Кроме забот, связанных с направлением действий филиппинского правительства в изгнании, эвакуацией казны, одним из главных оставалось стремление поставить под контроль партизанское движение на Филиппинах. И хотя эта работа развернулась в будущем, после того, как Д. Макартур перебрался в Австралию, именно на Коррехидоре началась разработка Д. Макартуром [220] стратегии оттеснения левых сил, коммунистов от руководства борьбой против оккупантов.

В мае 1942 года над Коррехидором американцы подняли белый флаг. «Филиппинский Гибралтар» вслед за Батааном пал.

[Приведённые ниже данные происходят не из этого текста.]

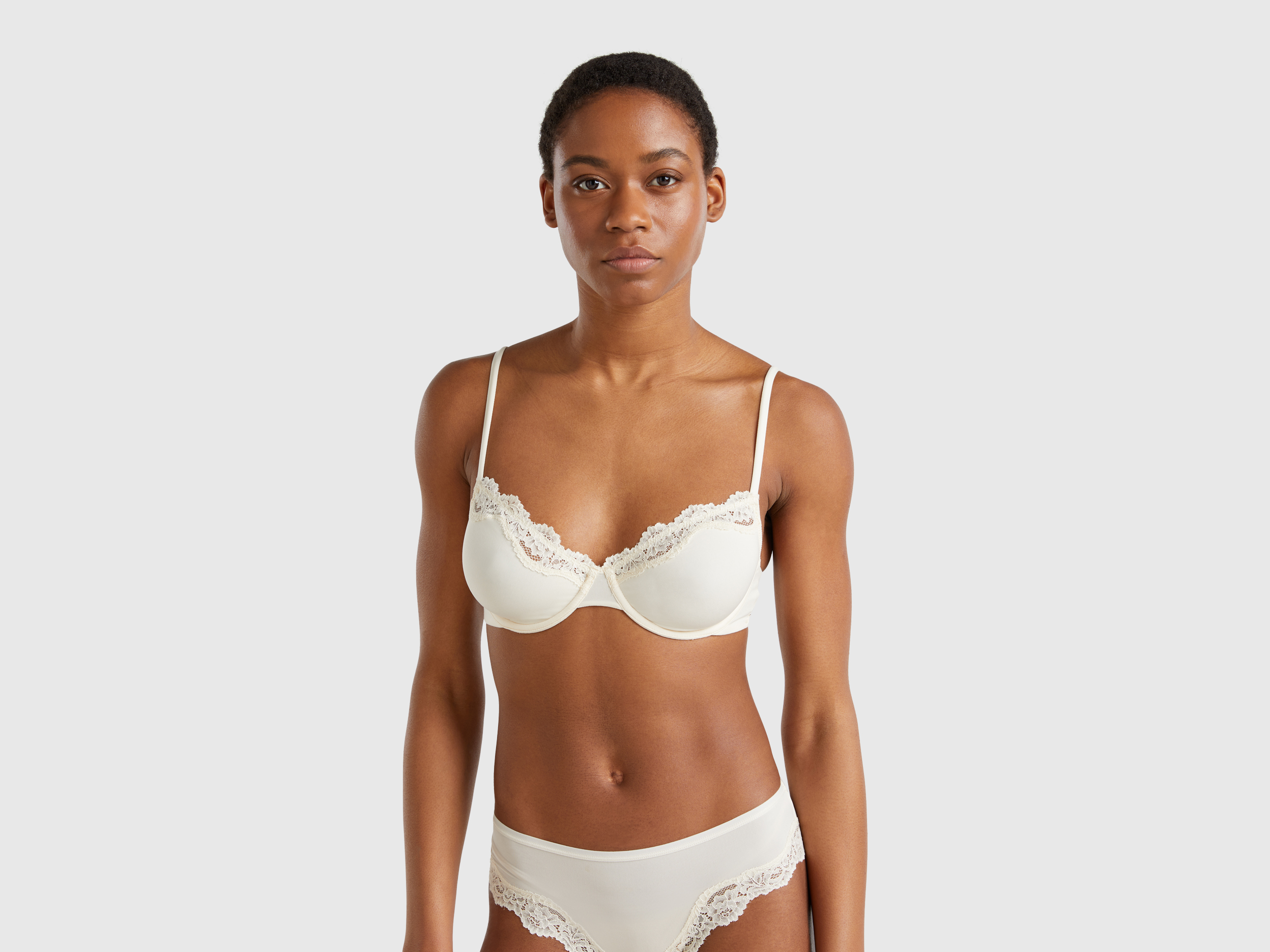 Benetton, Soutien-gorge Avec Armatures Et Dentelle, taille, Crème - United Colors of Benetton - Modalova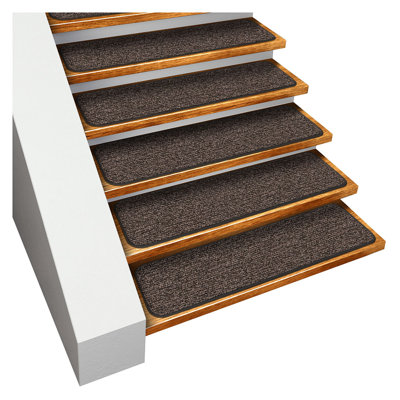 Ensemble de 15 tapis d'escalier antidérapants House, Home and More - gris galet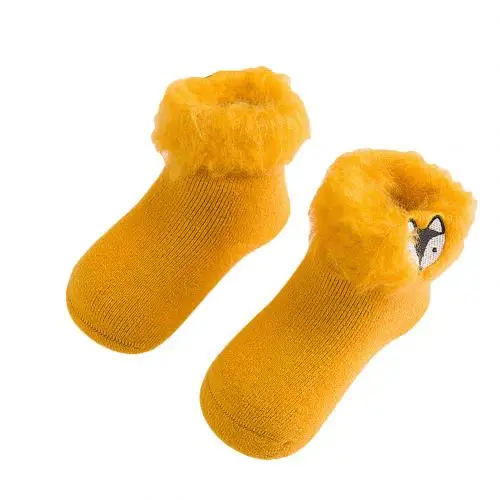 Ginger Зимние теплые плотные носки с вышивкой животных для маленьких мальчиков и девочек; носки-Тапочки - Цвет: Ginger
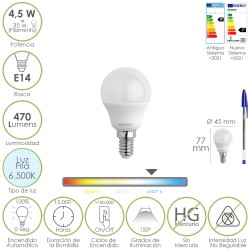 Bombilla Led Esferica Rosca E14 4.5 Watt. Equivale A 35 Watt. 470 Lumenes. Luz Fria (6500º K)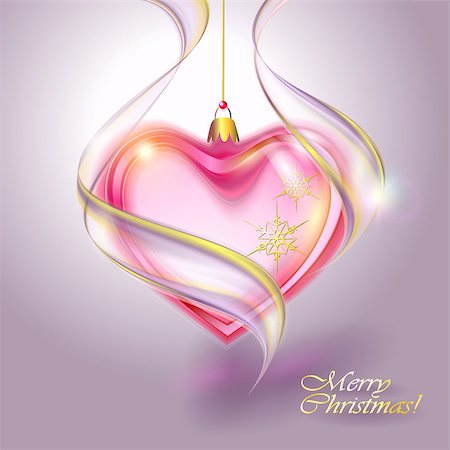 simsearch:400-05307881,k - Transparent red Christmas Ball heart shaped Stock Photo - Budget Royalty-Free & Subscription, Code: 400-06850571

Американские солдаты и офицеры сложили оружие. Многие потом нашли смерть во время перегона пленных в концентрационные лагеря и в самих лагерях.

Филиппинский историк Карлос Кирино на основании документов, а также рассказов своего дяди, одного из президентов Филиппин, прямо обвиняет Д. Макартура в том, что лично он (вместе, конечно, с американской колониальной администрацией) несет вину за горькую судьбу Филиппин. Главная ошибка (то, что филиппинцы считают «ошибкой», для Д. Макартура было продуманным решением) бывшего фельдмаршала заключалась в том, что с самого первого дня войны он отделил и американские вооруженные силы, и филиппинскую армию от филиппинского народа. Если бы Д. Макартур и руководимая им колониальная администрация не обескровила крестьянские движения в предвоенное время, если бы даже после нападения командование во главе с Д. Макартуром обратилось за помощью к народу, судьба Филиппин могла бы сложиться по-другому. И вклад его в общие усилия антигитлеровской коалиции был бы гораздо большим. Но Д. Макартур не только не желал такого союза. Он продолжал курс на ослабление народных движений путем их раскола, создания препятствий в снабжении руководимых левыми, прежде всего коммунистами, отрядов продовольствием, боеприпасами и т. д.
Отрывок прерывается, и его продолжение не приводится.